For the past couple of years I've been involved in the Cymru branch of the IWW. (industrial Workers of the World)

http://walesiww.org.uk/

We now have 60 members (out of just over 1000 members UK-wide) in good standing right across Wales, but we are mainly active in the Cardiff area at the moment, but with promising signs that we could become active in the Wrecsam and Swansea areas soon.

We are finding that increasingly workers in precarious employment situations are turning to us. At the moment it's still more of a steady trickle than a flood, but that will probably change now that Cameron & Crew are now back in Downing Street, (though only perhaps a little worse than New Labour Mk 2 would have been) and increasingly workers realise that mainstream unions are part of the problem, and that it is industrial unions like the IWW and SolFed (IWA) that can reflect workers's interests, because they are run directly by workers - neither has a paid bureaucracy. I don't know too much about the IWA, but they are more avowedly syndicalist and overtly political, wheras the IWW isn't avowedly syndicalist, (though IWW policies read like syndicalism!) and it's got a strict leave-your-politics-and-your-religion-at-the-door policy in order to support it being 'The Union for All Workers'. However, in practice the small print excludes those who would undermine any worker's rights, so racists and fascists would immediately be excluded. Only those who can hire and fire are directly excluded, but I think it would be almost impossible for prison guards, or G4S goons to join, as they are used to repress workers.

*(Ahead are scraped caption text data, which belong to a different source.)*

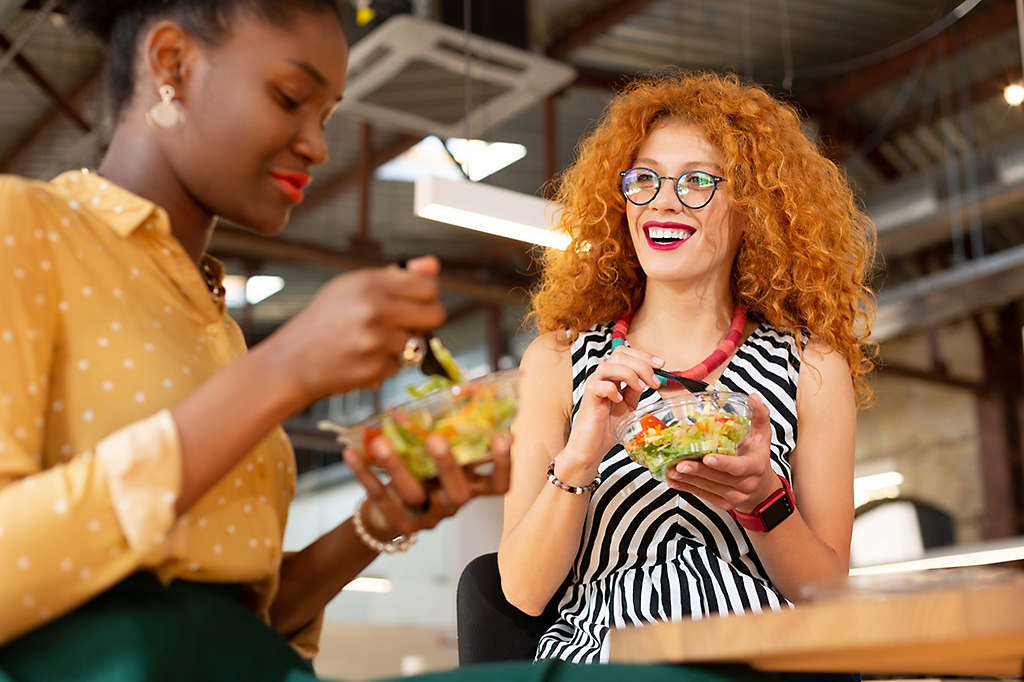 Two women having lunch and laughing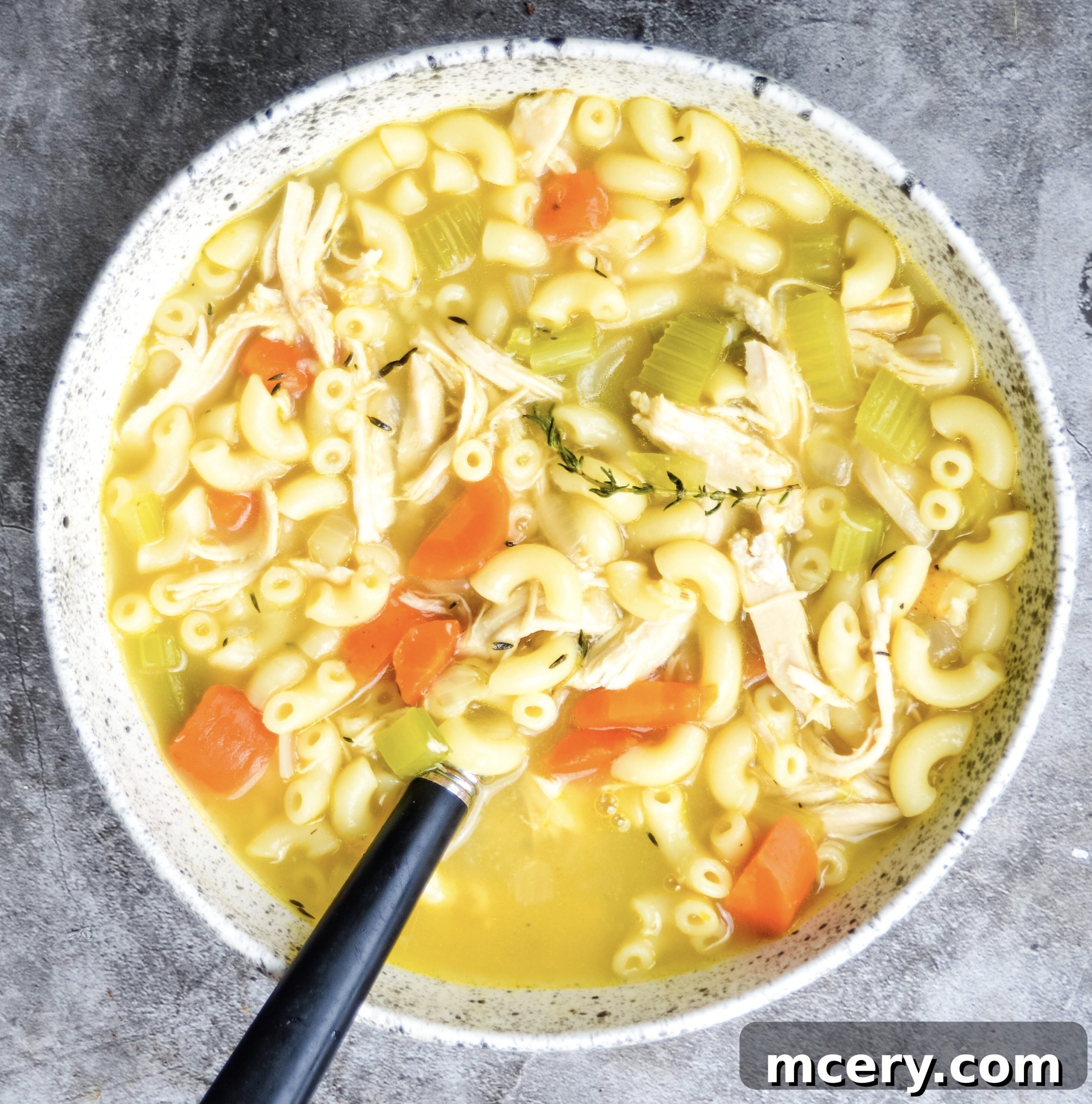 A ladle scooping a generous portion of steaming chicken noodle soup from a large pot into a white serving bowl.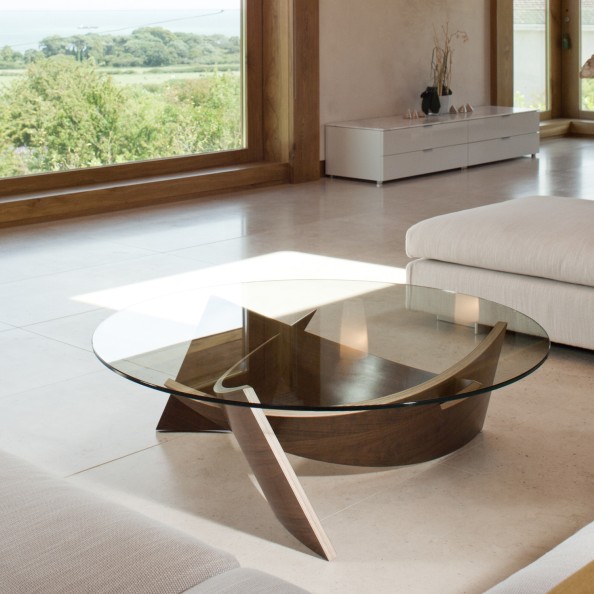 The Expose Coffee Table consists of complex laminations of birch ply and wood veneer which interlock at angles. Together, they form a three-point leg structure that supports a toughened glass top. The birch ply is left exposed on the edges, forming a pleasing contrast with the surface veneer and ensuring that the design remains true to its materials.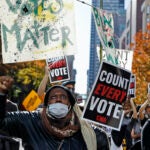 Zhanon Morales, 30, of Philadelphia, raises her fist as demonstrators call for all votes be counted outside the Pennsylvania Convention Center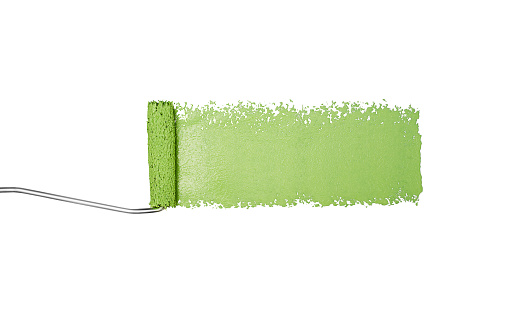 Paint roller painting green stripe isolated on a white background.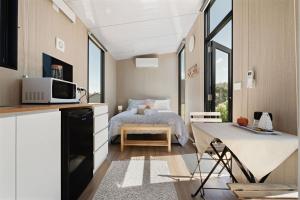 a small bedroom with a bed in a room with windows at Hillside Hideout by Tiny Away in West Kentish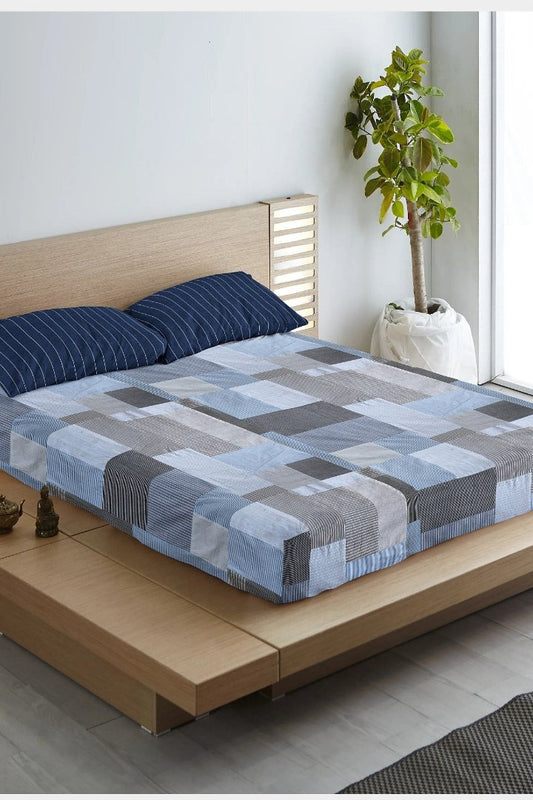 Eco-friendly patchwork bedsheet in blue and grey tones, made from upcycled textiles by Bunko Junko. Perfect for adding a sustainable and stylish touch to your bedroom decor
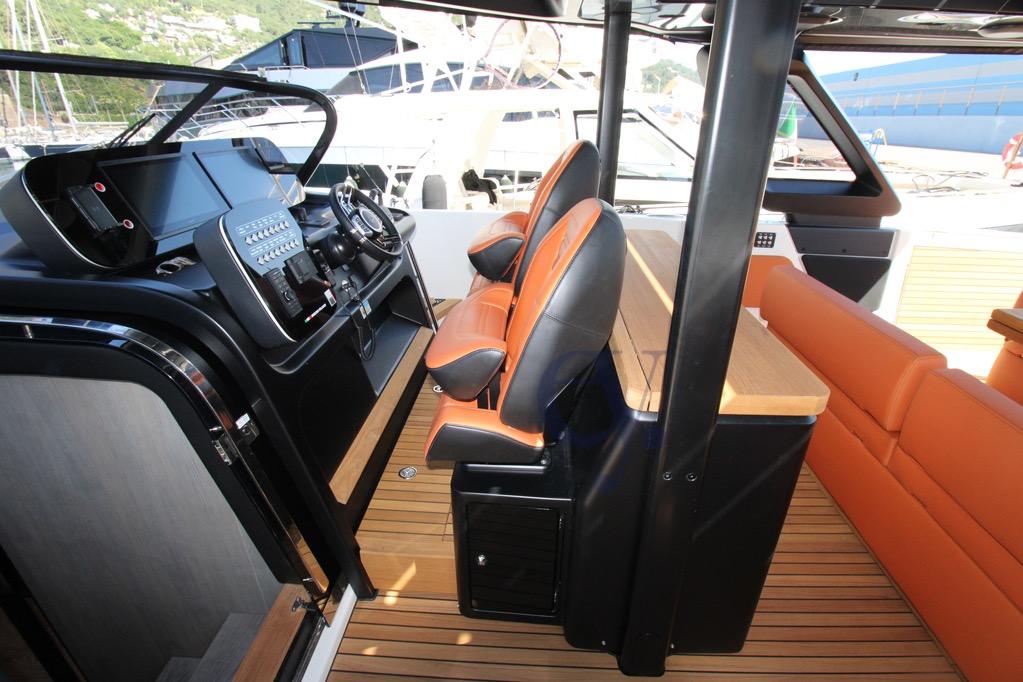 Interior of 2025 Cranchi A46 Luxury Tender with modern helm and orange seating.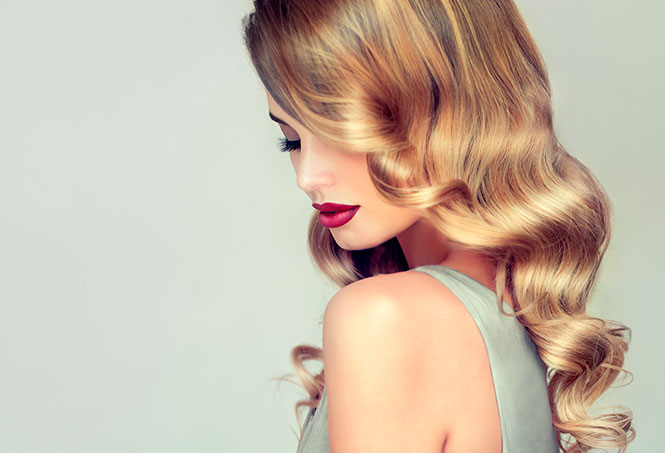 A woman with long blonde hair and red lipstick.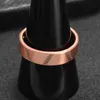 Полосовые кольца ретро V-образное магнитное красное медное открытое кольцо, используемое для лечения бессонницы и потери веса у обоих женщин.Энергетические украшения Q240429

Long story short, though we are relatively new on the scene in Wales, (the branch received it's Charter in November 2013, but had been effectively a branch since late 2012), we are always on the look out for opportunities to expand, Though it's primarily concerned with workers rights in the workplace, the union's aim to 'abolish the wages system' indicates a wider social ambition. At the moment we are active in trying to expose Workfare exploiters, and have recently set up a Claimant's Union where we aim to help anyone with their issues with the Jobcentre and the DWP in general, accompanying people to interviews and providing advice that can be used to prevent benefits being unlawfully sanctioned.

Would there be scope for IWW activity in Merthyr? Initially there would be support from us here in Cardiff and the Wales Regional Organiser, but eventually any branch would be expected to be automnous, provided of course it operated within the values of the IWW.